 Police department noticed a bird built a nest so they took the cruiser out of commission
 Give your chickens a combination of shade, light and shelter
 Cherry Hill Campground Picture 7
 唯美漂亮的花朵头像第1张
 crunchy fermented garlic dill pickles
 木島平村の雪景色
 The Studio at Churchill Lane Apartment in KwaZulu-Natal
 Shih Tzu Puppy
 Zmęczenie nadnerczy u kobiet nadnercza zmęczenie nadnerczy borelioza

____

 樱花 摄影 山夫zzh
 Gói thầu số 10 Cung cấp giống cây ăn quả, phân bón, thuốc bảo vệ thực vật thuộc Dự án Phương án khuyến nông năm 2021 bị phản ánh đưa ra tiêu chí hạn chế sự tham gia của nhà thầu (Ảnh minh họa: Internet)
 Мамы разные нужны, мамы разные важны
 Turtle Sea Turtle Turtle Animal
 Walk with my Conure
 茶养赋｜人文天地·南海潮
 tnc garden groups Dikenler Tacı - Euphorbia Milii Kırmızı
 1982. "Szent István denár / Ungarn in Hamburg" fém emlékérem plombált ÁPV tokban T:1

____

WORK INSTRUCTION: Look above for the line containing "Gói thầu số" and the line containing "茶养赋｜人文天地·南海潮". Transcribe both, with the lines between them, exactly.

OUTPUT FOR THIS TASK:
 Gói thầu số 10 Cung cấp giống cây ăn quả, phân bón, thuốc bảo vệ thực vật thuộc Dự án Phương án khuyến nông năm 2021 bị phản ánh đưa ra tiêu chí hạn chế sự tham gia của nhà thầu (Ảnh minh họa: Internet)
 Мамы разные нужны, мамы разные важны
 Turtle Sea Turtle Turtle Animal
 Walk with my Conure
 茶养赋｜人文天地·南海潮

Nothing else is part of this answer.